◆ Data provided
+---+

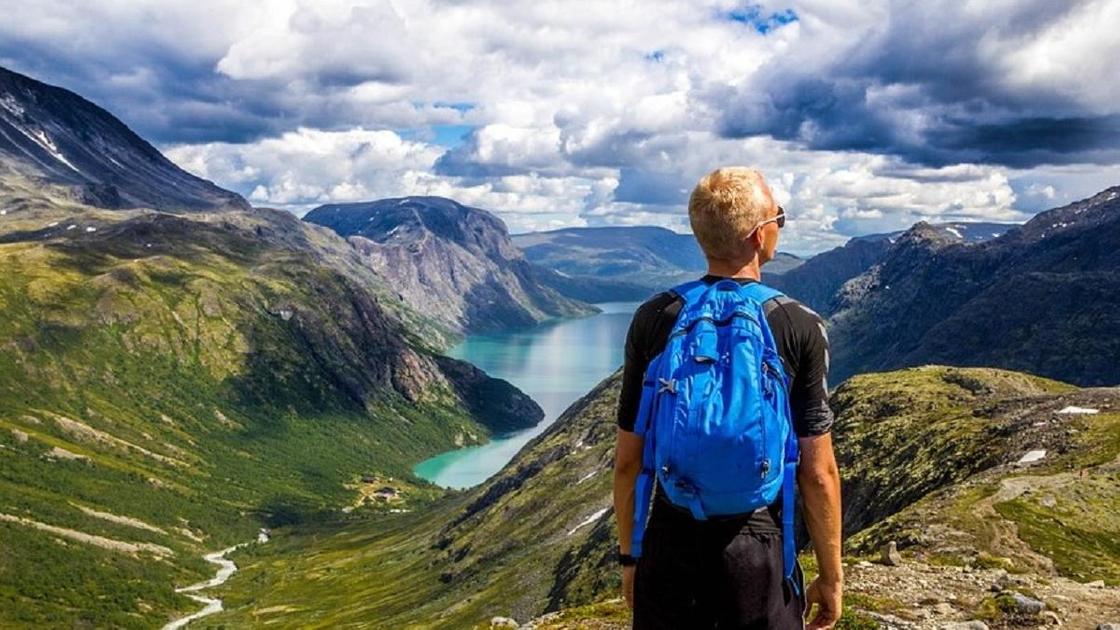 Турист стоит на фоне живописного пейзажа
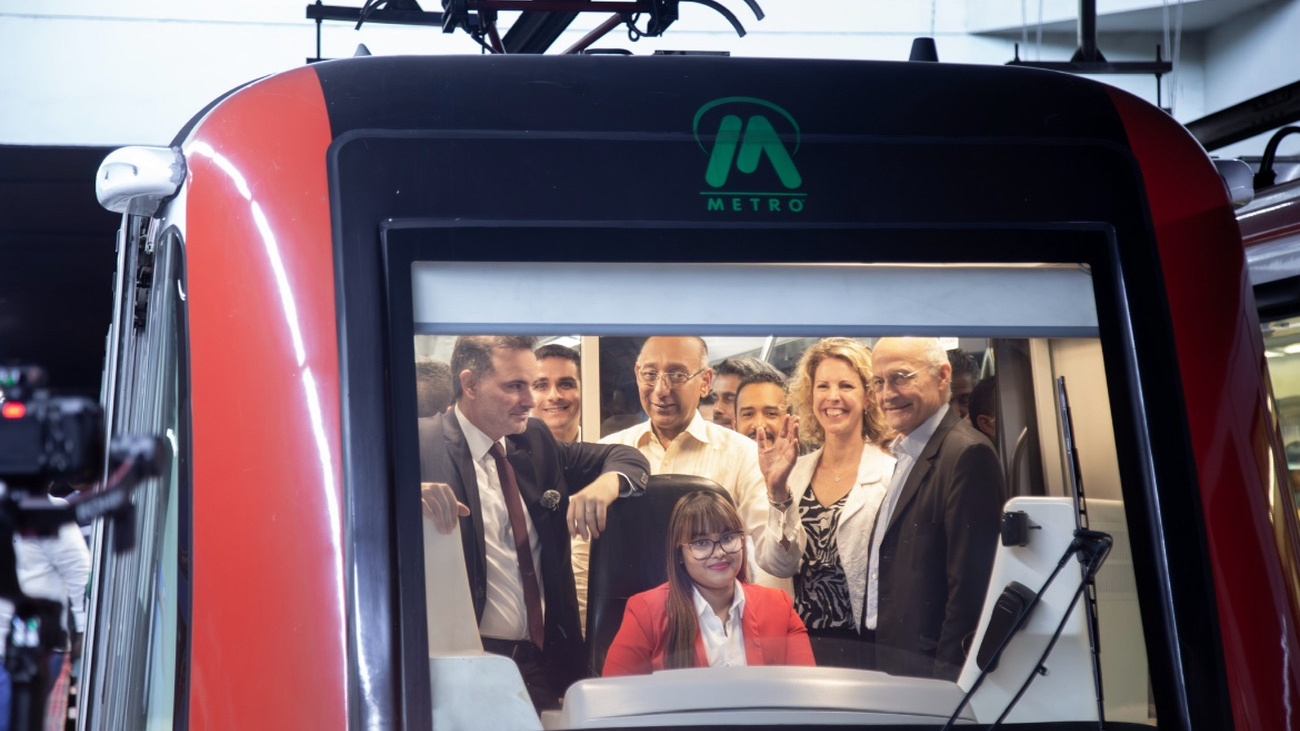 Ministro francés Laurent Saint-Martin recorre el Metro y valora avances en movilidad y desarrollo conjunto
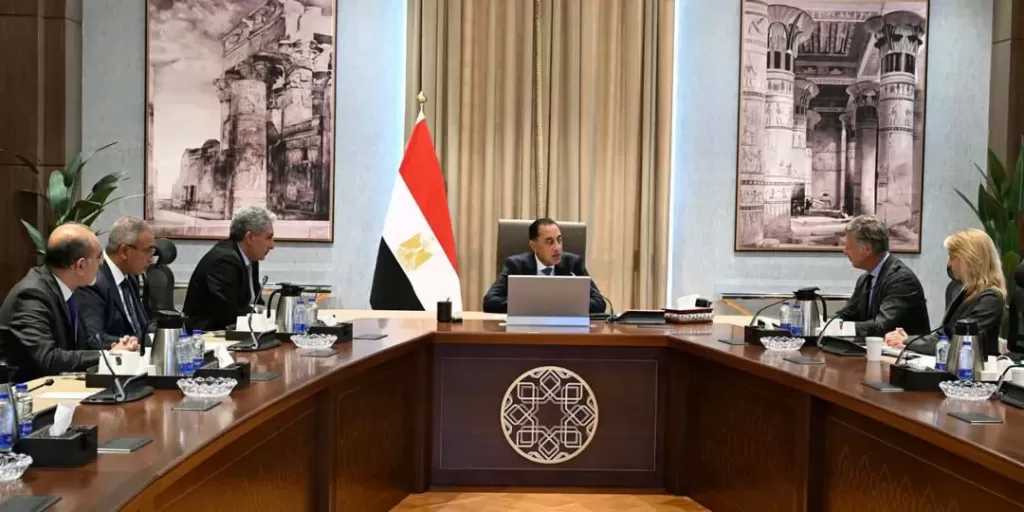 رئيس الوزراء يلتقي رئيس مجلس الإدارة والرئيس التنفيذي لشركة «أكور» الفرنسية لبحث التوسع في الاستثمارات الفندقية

+---+

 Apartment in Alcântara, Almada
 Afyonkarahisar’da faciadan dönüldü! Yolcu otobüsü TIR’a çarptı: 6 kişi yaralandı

+---+

◆ Work order
Because only one stretch of the records is wanted, please output the lines from the one holding "Турист стоит на фоне живописного пейзажа" through the one holding "رئيس الوزراء يلتقي" exactly, both included, and leave every picture out.

◆ Task response
 Турист стоит на фоне живописного пейзажа
 Ministro francés Laurent Saint-Martin recorre el Metro y valora avances en movilidad y desarrollo conjunto
 رئيس الوزراء يلتقي رئيس مجلس الإدارة والرئيس التنفيذي لشركة «أكور» الفرنسية لبحث التوسع في الاستثمارات الفندقية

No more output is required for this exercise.